Growth is extremely exciting, admittedly humbling, terribly frightening, yet ultimately necessary.
We tend to romanticize growth as an exciting time of flourishing and transformation, of trading our former lives for improved versions of ourselves. And most of the time, that is the case.
But we often overlook the fact that growth can also be very unsettling, sometimes even threatening, before it gets to that gloriously triumphant stage. There’s a reason we refer to it as “growing pains,” after all; growth is a very uncomfortable place to be in.
“A mind stretched by new experiences can never go back to its old dimensions” – Oliver Wendell Holmes, Jr.
There’s a reason why many people, after living abroad for some time, return home feeling out of place, no longer able to fit back into the roles they once played. After traveling to different corners of the world, being exposed to new ways of being, they are inevitably changed. These new sights, sounds, and experiences become part of the fabric of who they are.
This isn’t only true for people who have traveled the world, but for those who’ve dived into new experiences, relationships, or intellectual pursuits. They begin to realize that there is no way to go back to the person they used to be; all they can do is move forward with whoever they’ve become and are becoming. Not to “do away” with the old, but to add on to the old, so that they become a fusion of something different.
This, while exciting, can also carry a sense of melancholic nostalgia. As Té V. Smith says, “No one warns you about the amount of mourning in growth.”
Even the human brain reflects this strange truth. When we are born, we have an abundance of synapses between nerve cells that allow us to take in data about the world. But as we grow, the brain begins to eliminate excess synapses that aren’t used enough (a process known as “synaptic pruning”) to refine our neural circuits and increase the efficiency in which we process information, giving us room for more complex forms of thinking.
As psychiatrist Hans summarizes, “The secret of learning is the systematic elimination of excess. We grow, mostly, by dying.” The same ancient wisdom can be found in the Bible, which states, “Unless a grain of wheat falls to the ground and dies, it remains only a single seed. But if it dies, it bears much fruit” (John 12:24). According to Adyashanti, “Enlightenment is a destructive process … [It] is the crumbling away of untruth.”
In order for us to learn, grow, and bear fruit, there is another part of us that has to (metaphorically) “die” and “crumble”. Whether it’s a philosophical discussion, an experience of heartbreak, or a profound wake-up call that serves as our catalyst for growth, there is often a sense of mourning for what was (or must be) lost in order for discovery and new insights to take place.
Cynthia Occelli describes it accurately when she says, “To someone who doesn’t understand growth, it will look like complete destruction.”
To suspend ‘certainty’ for the sake of ‘discovery’ is always a risk. It is much safer to seek out experiences that confirm what we’ve always known, because it enables us to move through life with the comfort, safety, and predictability of the familiar.

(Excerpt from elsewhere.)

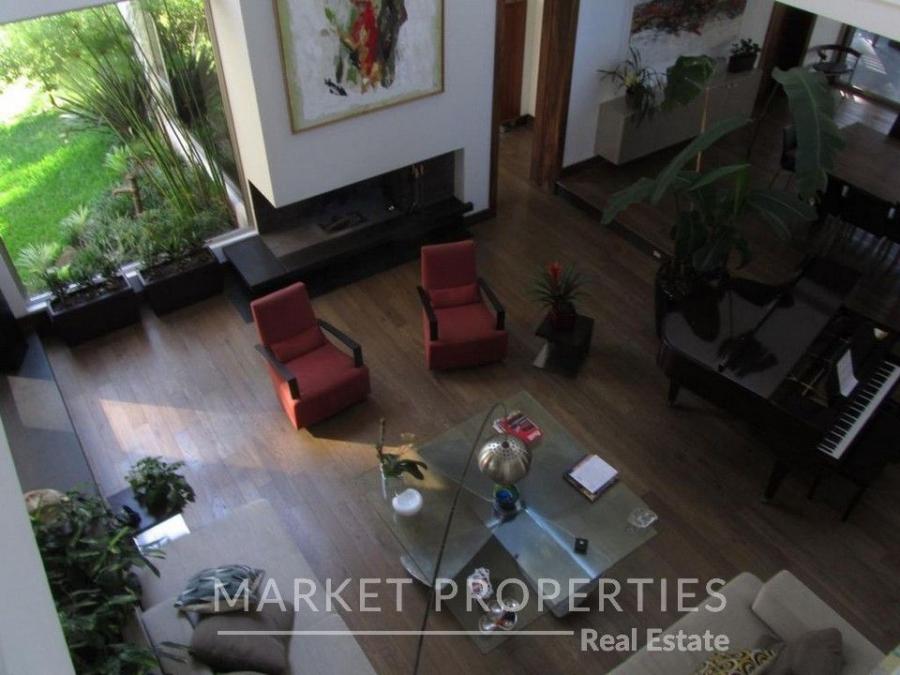 Foto Casa en Venta en Guatemala, Guatemala - U$D 1.500.000 - CAV10674 - BienesOnLine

It also means fewer chances of experiencing inner fragmentation, cognitive dissonance, or existential crises that come with profound growth and change.
But while this way of living poses less of a threat to our ‘sense of self’, we also run the risk of never challenging ourselves. By being too attached to old and static ideas of who we are, we don’t give ourselves enough room to become anything new.
Now, I will offer a word of caution: just because something is new, it doesn’t necessarily make it better.
Not everything ‘modern’ is necessarily better than the ‘old school’, and not everything ‘progressive’ is necessarily better than the ‘traditional’. It’s important not to over-glamourize the idea of the ‘new’.
In the same way, don’t immediately dismiss old wisdom that’s successfully governed your life just because you are open to new wisdom. But don’t also cling on to old patterns of living just because they’re familiar. Take everything with a grain of salt, exercise critical thinking, and don’t immediately assume that new ideas are necessarily better (or worse) than your pre-existing ones.
Dare to step out of your comfort zone and expand your horizons.
As Friedrick Nietzsche says, “The snake which cannot cast its skin has to die.” We must be willing to shed layers that don’t serve us anymore so we can grow into all we can be, just as our brains must prune excess synapses so they can function more optimally.
Growth isn’t always glamorous. In fact, it’s pretty darn uncomfortable. But it’s almost always worth it.